Les deux dernières parties ne peuvent être portées en dépense par les administrateurs du trésor qu'en novembre ; il doit en être de même pour quelques mille florins sur le crédit primitif. Ainsi donc la nouvelle manière de vous présenter les chiffres, confirme l'exactitude des calculs qui ont servi de base à la demande de 2,800,000 florins, et vous donne un moyen de les vérifier approximativement.

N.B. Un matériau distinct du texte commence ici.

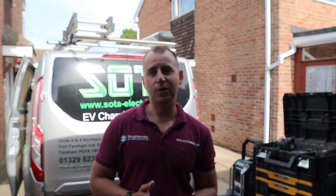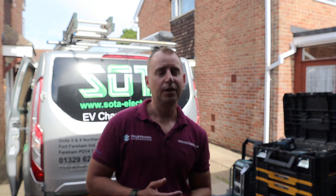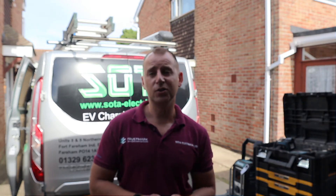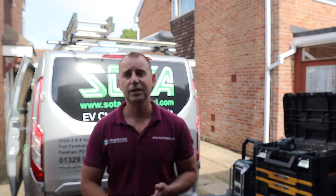Hello again, and today we are installing another Zappi. This is another non-standard install, so I thought you might like to see this one. What we have is a cast concrete garage with its own supply from the house. You may find this interesting if you have a supply to your garage from your consumer unit in your house — is it sufficient? We can talk about that. Also, how do we attach a charger to a cast concrete garage? We'll also run through that. Let's take a look.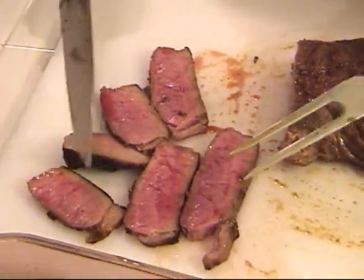This is how you make a great London broil. See you again next time on Work in the Grill. Adios.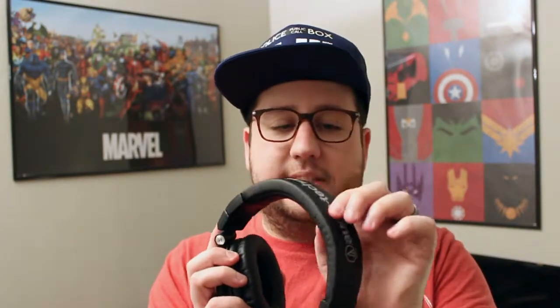The ear cushions are very cushiony. There is a lot of padding there, and even up on the headband there is a decent amount of padding. Wearing them is actually very comfortable. I have a hat on so it's a little bit different, but they are pretty comfortable to wear.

L'examen rapide du budget que j'ai l'honneur de vous présenter sera, je m'en flatte, un titre de plus à votre confiance. Mais avant le budget, le gouvernement soumet à votre approbation un projet de loi qui fixe le contingent de l'armée pour l'année 1832.
Ce projet est dicté par le même esprit que la loi des dépenses ; il prévoit d'abord l'état de paix.
Le contingent de l'armée est divisé en trois catégories : les hommes sous les drapeaux, les miliciens en congé et ceux en réserve.
La réserve se compose de la levée de 1832, elle est évaluée à 12,000 hommes, sauf à n'appeler plus tard sous les armes que les hommes nécessaires au service. Le mode de fixer un maximum présente l'avantage de pouvoir passer plus vite du pied de paix au pied de guerre. Il correspondrait à une force de 80,000 hommes, si toutes les levées avaient été fixées de la même manière.
Le pouvoir législatif est substitué par l'article 119 de la constitution au pouvoir que le Roi exerçait en vertu de l'article 11 de la loi du 8 janvier 1819. Les inconvénients de la fixation annuelle se sont fait sentir dans l'exécution de cet article, depuis que nous sommes en état de guerre. Les contingents n'avaient été portés qu'aux 3/4 des limites fixées par la loi, et, chose étonnante, celui de 1831 ne dépasse guère la moitié, ou 1 homme sur 600.
Il eût fallu une interprétation judaïque pour revenir sur le passé, instituer des conseils de milice pour examiner tous les cas d'exemption des hommes appelés complémentairement ; la fixation du maximum remédie à cet inconvénient, sans entraîner l'obligation d'appeler plus d'hommes sous les armes.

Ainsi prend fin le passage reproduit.